- _TASK GOAL_
Return the data below in full. Keep each character unchanged.

INPUT DATA Block Start

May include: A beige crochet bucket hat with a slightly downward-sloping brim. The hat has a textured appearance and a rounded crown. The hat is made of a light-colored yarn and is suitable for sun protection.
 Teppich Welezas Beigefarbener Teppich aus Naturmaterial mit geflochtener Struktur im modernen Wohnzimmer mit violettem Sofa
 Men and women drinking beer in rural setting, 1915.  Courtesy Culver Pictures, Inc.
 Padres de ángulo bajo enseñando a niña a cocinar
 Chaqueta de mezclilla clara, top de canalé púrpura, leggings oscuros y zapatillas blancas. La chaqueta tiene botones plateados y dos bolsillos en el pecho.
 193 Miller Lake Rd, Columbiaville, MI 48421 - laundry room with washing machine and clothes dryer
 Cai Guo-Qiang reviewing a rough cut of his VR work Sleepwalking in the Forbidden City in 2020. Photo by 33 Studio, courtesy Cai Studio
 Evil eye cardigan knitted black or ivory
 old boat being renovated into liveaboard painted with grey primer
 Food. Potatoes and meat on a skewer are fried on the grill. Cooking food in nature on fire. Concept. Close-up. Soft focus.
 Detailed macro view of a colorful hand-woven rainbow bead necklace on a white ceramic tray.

INPUT DATA Block End

- _EXERCISE ANSWER_
May include: A beige crochet bucket hat with a slightly downward-sloping brim. The hat has a textured appearance and a rounded crown. The hat is made of a light-colored yarn and is suitable for sun protection.
 Teppich Welezas Beigefarbener Teppich aus Naturmaterial mit geflochtener Struktur im modernen Wohnzimmer mit violettem Sofa
 Men and women drinking beer in rural setting, 1915.  Courtesy Culver Pictures, Inc.
 Padres de ángulo bajo enseñando a niña a cocinar
 Chaqueta de mezclilla clara, top de canalé púrpura, leggings oscuros y zapatillas blancas. La chaqueta tiene botones plateados y dos bolsillos en el pecho.
 193 Miller Lake Rd, Columbiaville, MI 48421 - laundry room with washing machine and clothes dryer
 Cai Guo-Qiang reviewing a rough cut of his VR work Sleepwalking in the Forbidden City in 2020. Photo by 33 Studio, courtesy Cai Studio
 Evil eye cardigan knitted black or ivory
 old boat being renovated into liveaboard painted with grey primer
 Food. Potatoes and meat on a skewer are fried on the grill. Cooking food in nature on fire. Concept. Close-up. Soft focus.
 Detailed macro view of a colorful hand-woven rainbow bead necklace on a white ceramic tray.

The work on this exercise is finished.